··· Records provided ···

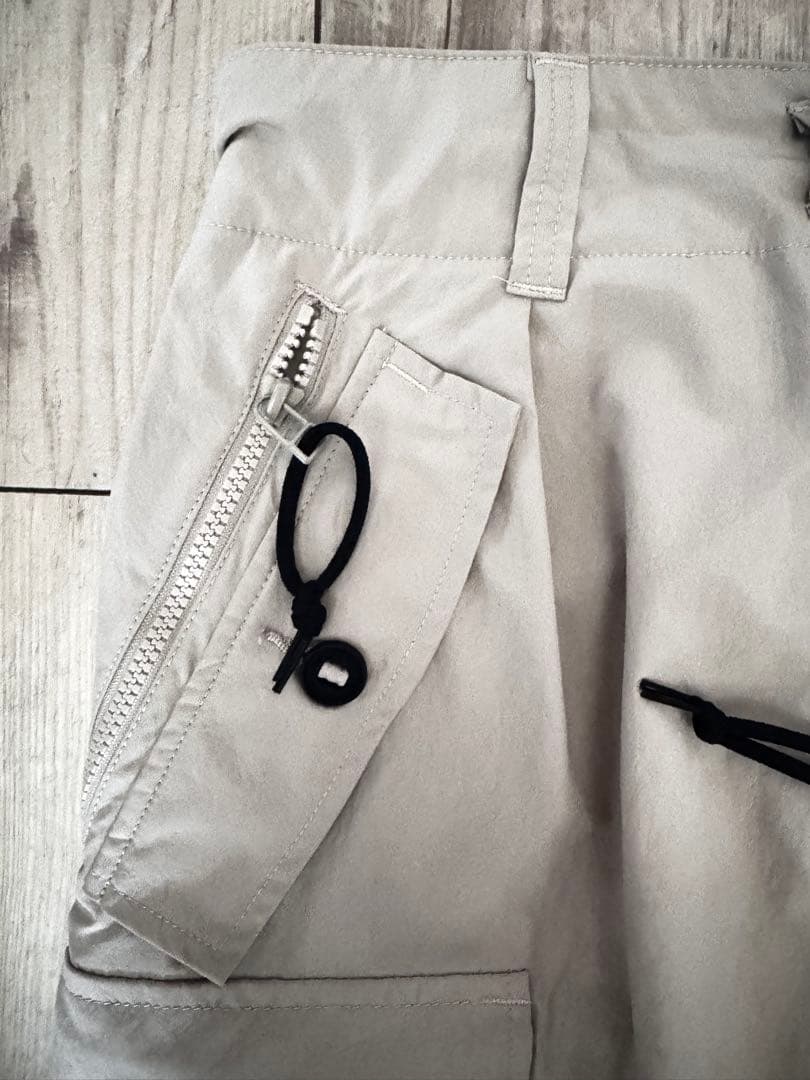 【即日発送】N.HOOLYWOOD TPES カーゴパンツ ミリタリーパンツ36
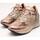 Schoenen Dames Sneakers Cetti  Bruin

···
··· Records provided ···

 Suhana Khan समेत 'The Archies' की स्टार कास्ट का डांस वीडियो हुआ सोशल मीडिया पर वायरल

···
··· Records provided ···

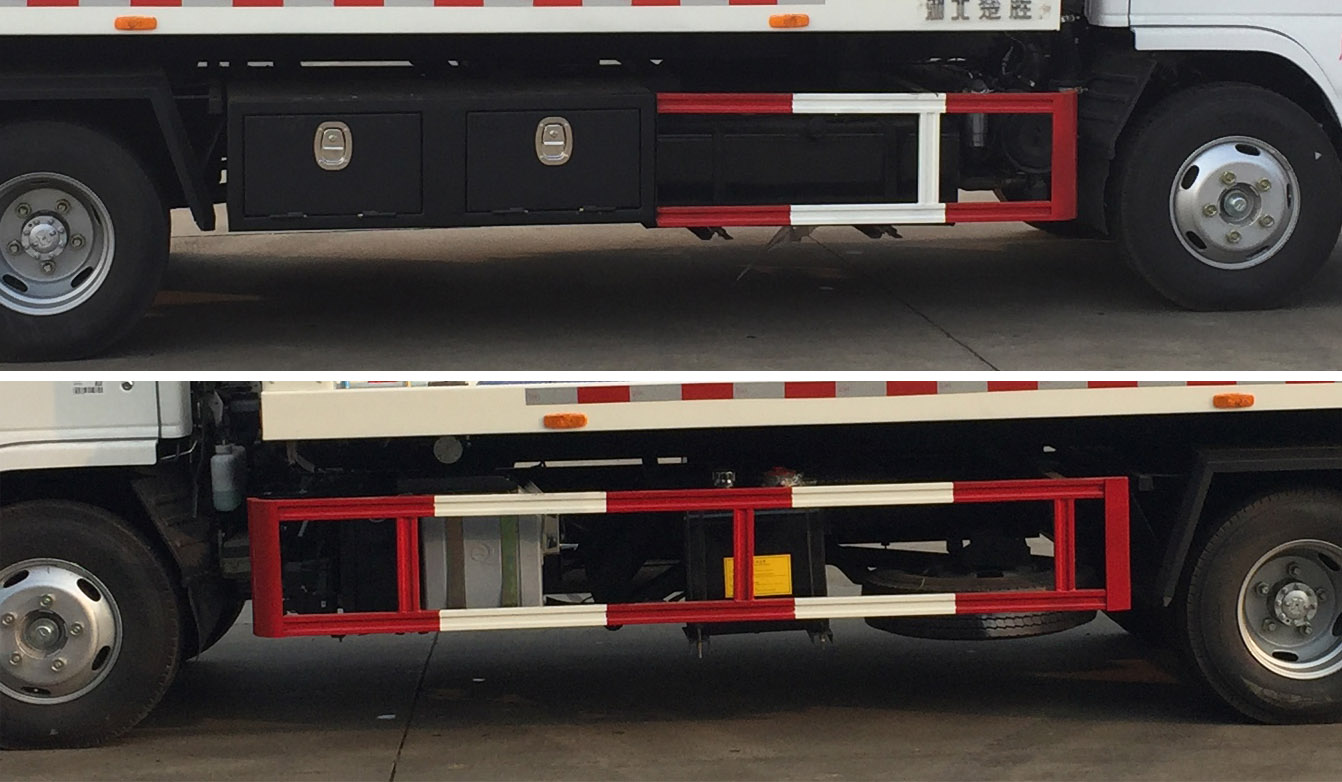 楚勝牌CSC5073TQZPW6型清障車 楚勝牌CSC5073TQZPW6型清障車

···

**To do:**
Nothing except the lines from the one containing "TPES カーゴパンツ ミリタリーパンツ36" through the one containing "Schoenen Dames Sneakers" should appear in the answer, exactly as above and without pictures.

**Result:**
 【即日発送】N.HOOLYWOOD TPES カーゴパンツ ミリタリーパンツ36
 Schoenen Dames Sneakers Cetti  Bruin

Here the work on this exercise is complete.